[Source material]
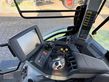 Tractor agrícola - Claas - arion 650 cmatic cebis
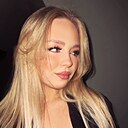 Виктория, 27 лет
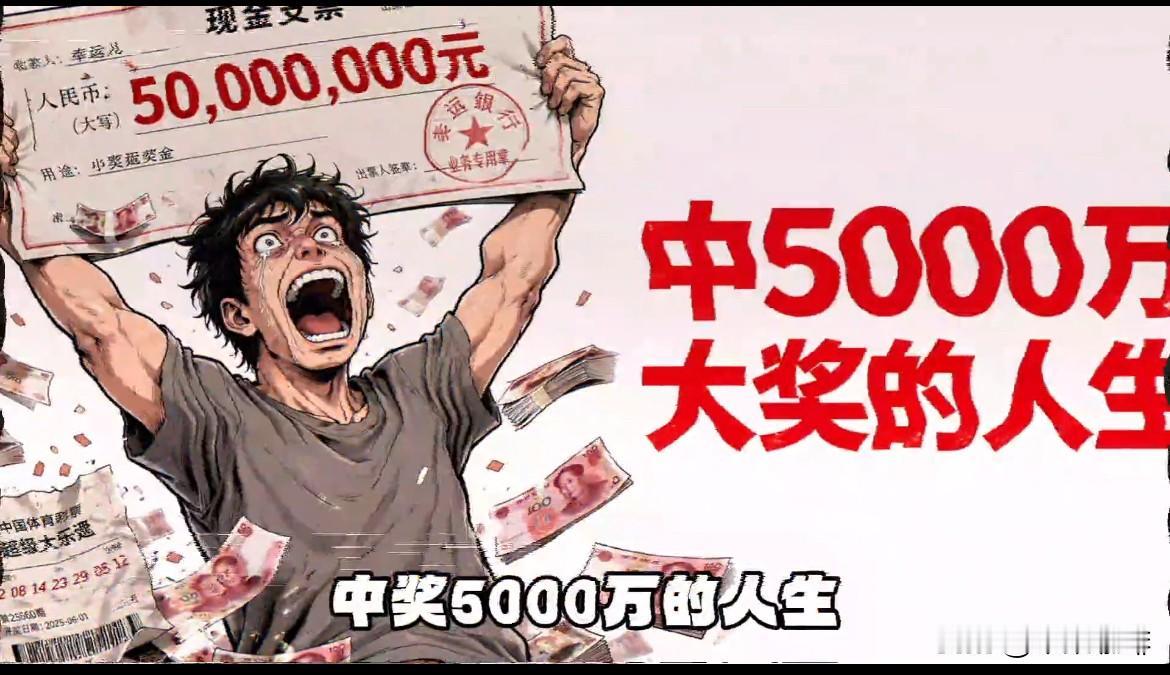 怎样才算一个人活明白了
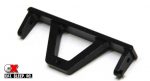 Team STRC CNC-Machined Chassis Parts for the Axial SCX10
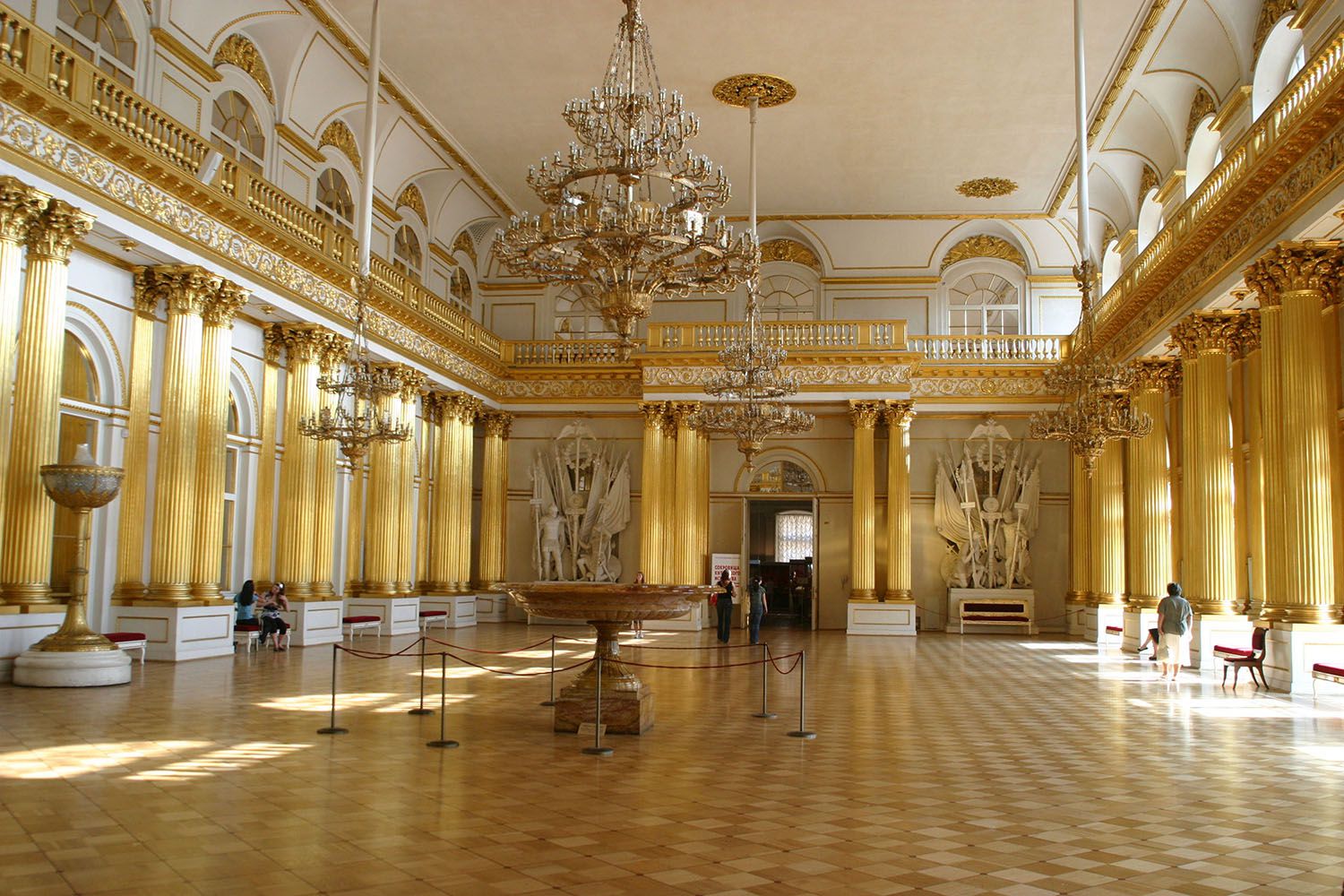 224413zzqvwzqq3nti51t1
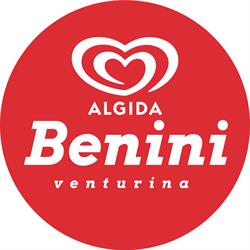 Benini Giovanni & C.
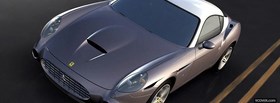bugatti veyron spoiler facebook cover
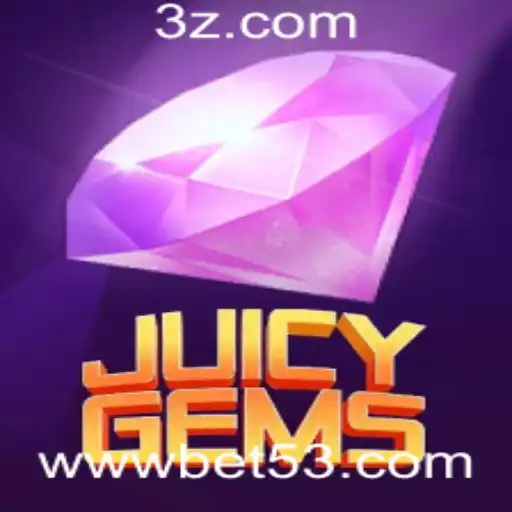 Descubra JuicyGems: O emocionante jogo de apostas que está conquistando o mundo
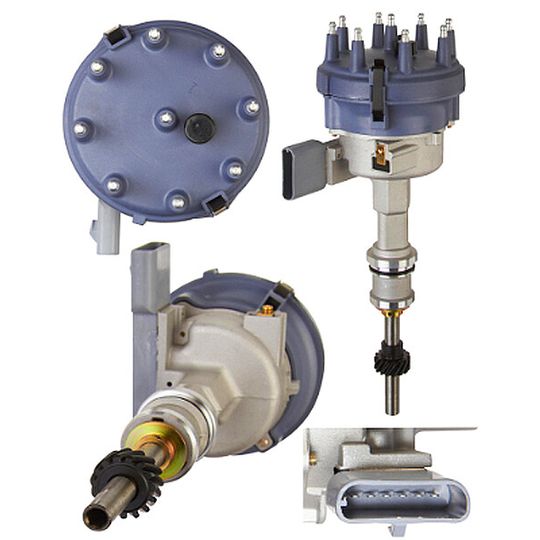 intran-flotamex-distribuidor-ford-serie-e-1988-1991-e-150-econoline-club-wagon-v8-5-8l-0 intran-flotamex-distribuidor-ford-serie-e-1988-1991-e-150-econoline-club-wagon-v8-5-8l-0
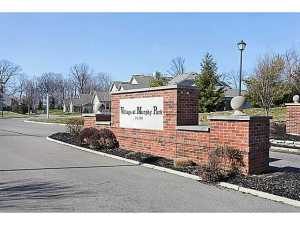 459 Charles Spring Dr, Powell, OH 43065 photo 23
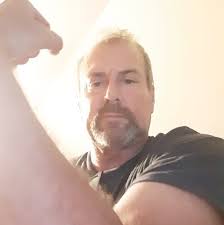 Bears quarterback improvement needed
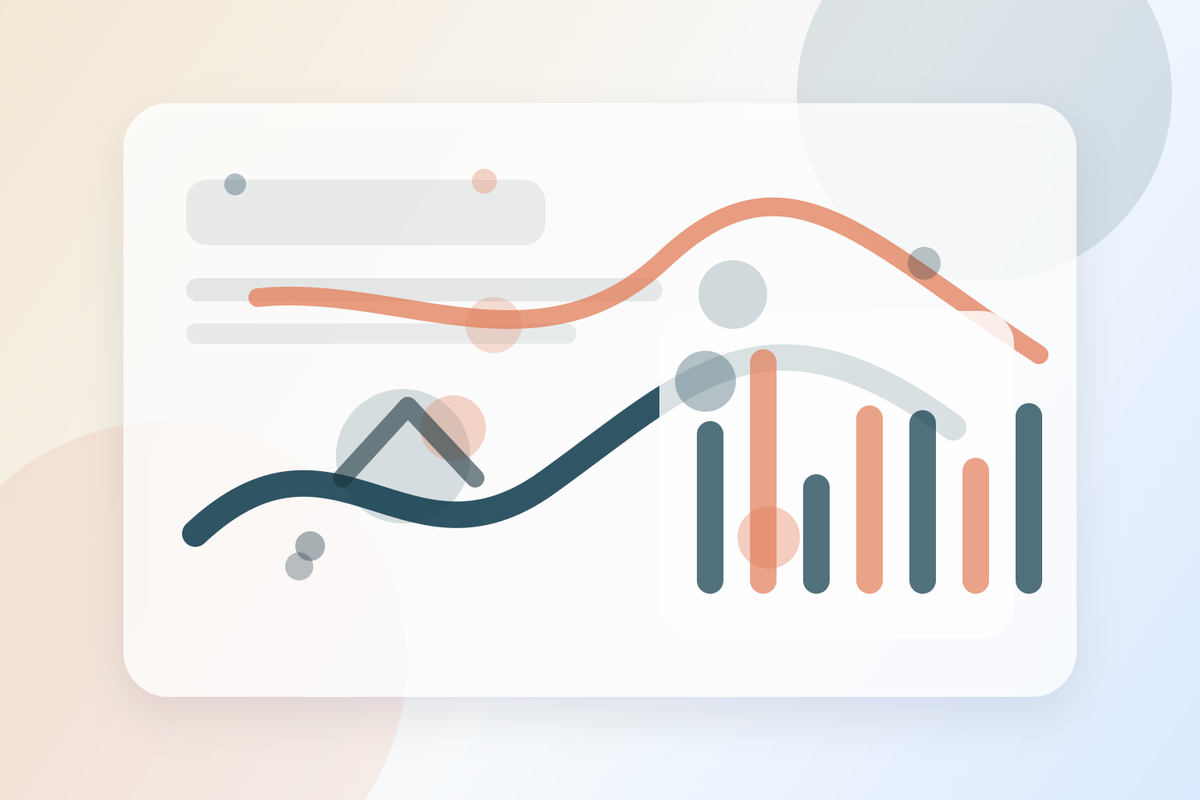 How Social Media Algorithms Work (and How to Beat Them)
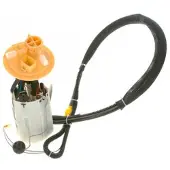 Bosch Brandstofpomp 1 582 980 141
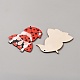Wood Pendant Decorations(DIY-WH0622-084)-2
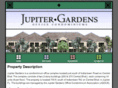 jgoca.com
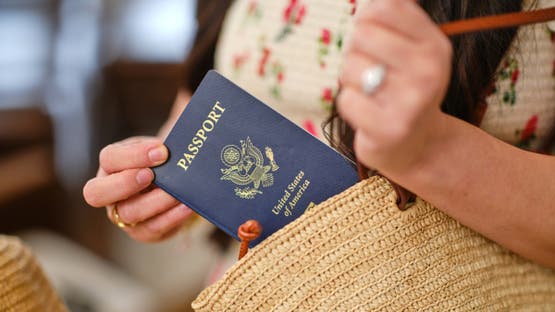 تعبيرية من آيستوك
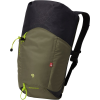 Mountain Hardwear Scrambler RT Outdry 20L Backpack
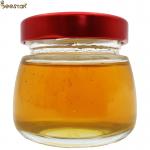 100% Organic Sidr Honey HALAL Mature Fresh Yemen Honey With No Additive for sale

[What you will do]
Please output the material above unchanged, apart from removing the pictures.

[Written response]
 Tractor agrícola - Claas - arion 650 cmatic cebis
 Виктория, 27 лет
 怎样才算一个人活明白了
 Team STRC CNC-Machined Chassis Parts for the Axial SCX10
 224413zzqvwzqq3nti51t1
 Benini Giovanni & C.
bugatti veyron spoiler facebook cover
 Descubra JuicyGems: O emocionante jogo de apostas que está conquistando o mundo
 intran-flotamex-distribuidor-ford-serie-e-1988-1991-e-150-econoline-club-wagon-v8-5-8l-0 intran-flotamex-distribuidor-ford-serie-e-1988-1991-e-150-econoline-club-wagon-v8-5-8l-0
 459 Charles Spring Dr, Powell, OH 43065 photo 23
 Bears quarterback improvement needed
 How Social Media Algorithms Work (and How to Beat Them)
 Bosch Brandstofpomp 1 582 980 141
Wood Pendant Decorations(DIY-WH0622-084)-2
 jgoca.com
 تعبيرية من آيستوك
 Mountain Hardwear Scrambler RT Outdry 20L Backpack
 100% Organic Sidr Honey HALAL Mature Fresh Yemen Honey With No Additive for sale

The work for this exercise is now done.